Hi @angelo,
I see what your intention is, so let me first explain what's happening under the hood, because the way it's set up right now will most likely not work as expected.
When you pass -m es_core_news_lg, you're not "adding" to the model — you're continuing to train its existing NER weights on your data. The thing to know about NER training is that every example is treated as complete: if a span isn't labeled, the model learns that it should not be an entity there. So if your 23k examples only contain your 3 new labels (and no PER/LOC/ORG), then every example is implicitly teaching the model "there are no people, locations or organizations here" — and step by step it stops predicting them. This is called catastrophic forgetting: train only on the new labels and the original ones quietly degrade.
What I'd recommend instead is keep them as two separate NER components. Rather than overwrite the pretrained NER component, train a fresh NER component for your custom labels and run it alongside the original one in the same pipeline. spaCy has an official project showing exactly this. It walks through the ways to combine two trained NER components and the tradeoffs of each.
One important assumption for this to work cleanly: your custom labels and the pretrained PER/LOC/ORG shouldn't compete for the same spans. Because the two components reason independently, this approach is a great fit when your domain entities occupy different text than people/locations/orgs — but if you find them frequently fighting over the same tokens (e.g. an org name that's also one of your custom types), the cleaner option is a single combined model: pre-annotate the originals with the stock model, merge with your gold labels (so that the training dataset contains all the labels), and train one component that resolves the conflicts during training. For adding distinct domain labels on top of stock NER, the two-component route is the right call.

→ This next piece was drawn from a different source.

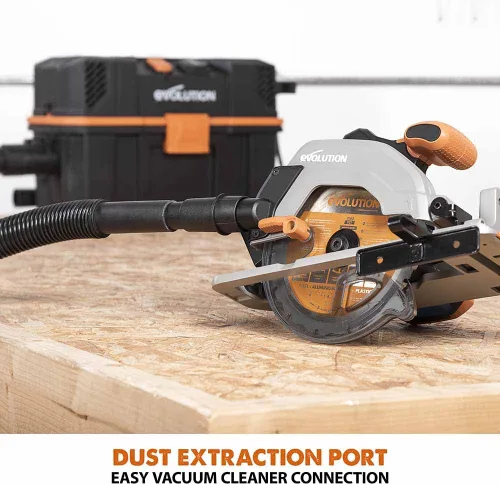 Vista 3 de Evolution R165CCSL-Li Sierra circular inalámbrica de 6-1/2 pulgadas Tecnología de corte multimaterial Bisel de 0-50° y profundidad ajustable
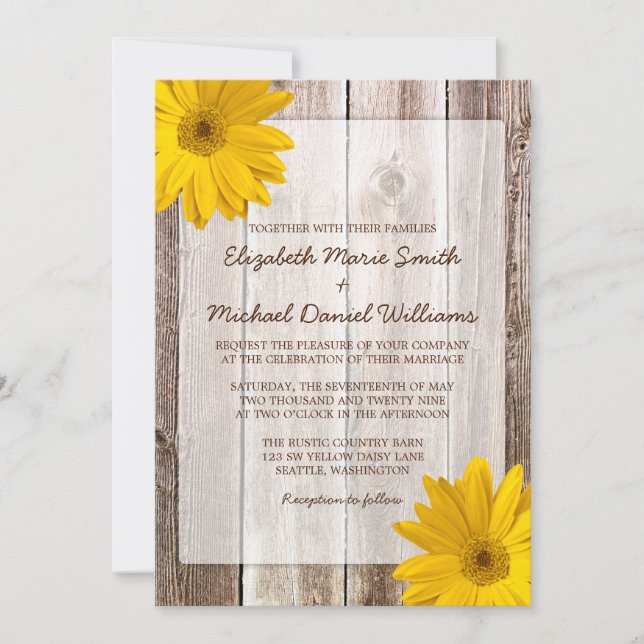 Invitaciones de madera de la boda del granero (Anverso)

The one technical detail to know: doc.ents can only hold one entity per token, so two ner components writing to it will overwrite each other. The clean fix (covered in the project) is to give them distinct names and have your custom one write to its own span group:
nlp.add_pipe("ner", name="ner_default") # pretrained PER/LOC/ORG, untouched
nlp.add_pipe("ner", name="ner_custom", ...) # your 3 labels, written to doc.spans["custom_ents"]
This way the pretrained PER/LOC/ORG stays fully intact (no forgetting, nothing to re-annotate), your custom labels live in their own component you can retrain freely, and you read both sets of results side by side. It also scales cleanly when you add LAW later — it just joins the custom component.

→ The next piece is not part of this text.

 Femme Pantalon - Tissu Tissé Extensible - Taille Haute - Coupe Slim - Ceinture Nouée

About pre-trained embeddings - you can defnitely use them for you custon NER component . The Spanish word vectors in es_core_news_lg are a static lookup table. They are not trained when you train an NER component — training only updates that component's own weights, never the vectors. So you should point your new custom component at es_core_news_lg's vectors and use them as its features (set vectors = "es_core_news_lg" in the config, or initialize from that base). Your custom NER then gets the full benefit of the pretrained Spanish embeddings — which is exactly what helps it generalize to entities it didn't see in training — and those same vectors remain untouched and available for your later downstream features. Nothing about training your custom labels degrades or alters them.

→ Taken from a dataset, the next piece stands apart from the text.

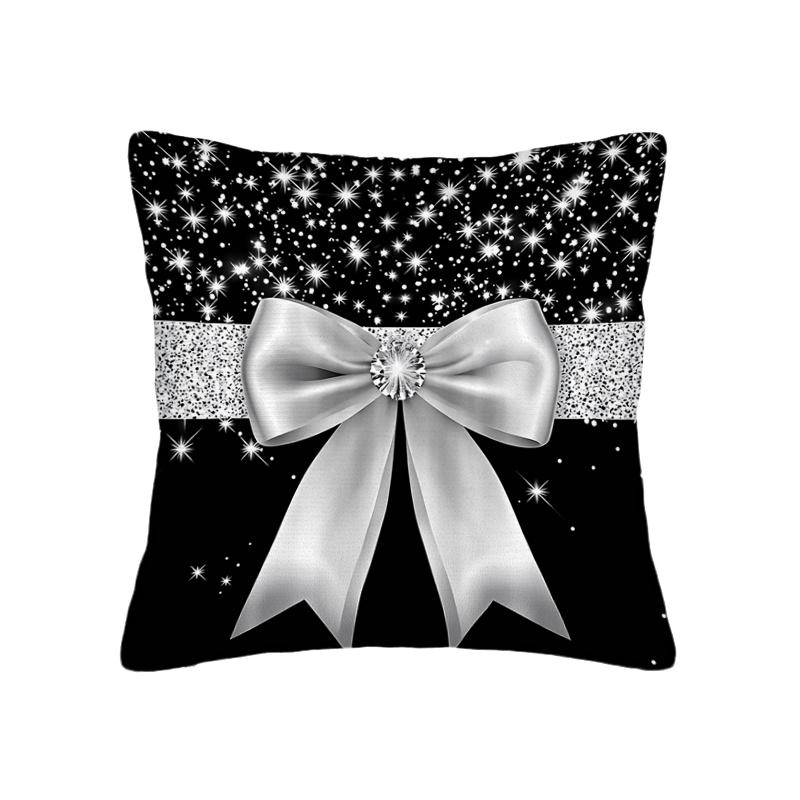 Silver Color Bow Starry Decorative Pillow Cover, Boho Style, All Seasons, Easy Clean, for Bedroom, Living Room, Sofa, Car, Home Decoration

For DATE, MONEY, PERCENTAGE, given these are regular, well-formatted entities, a statistical model is overkill. Consider using an entity_ruler with token patterns/regex for them. It's more reliable, fully debuggable, and saves you annotation effort. Put it in the pipeline alongside the NER components.
Also, training your custom component with a config sized for 23k examples should converge in minutes on the M2 CPU.
I really recommend reading spaCy documentation on training especially on how config files work.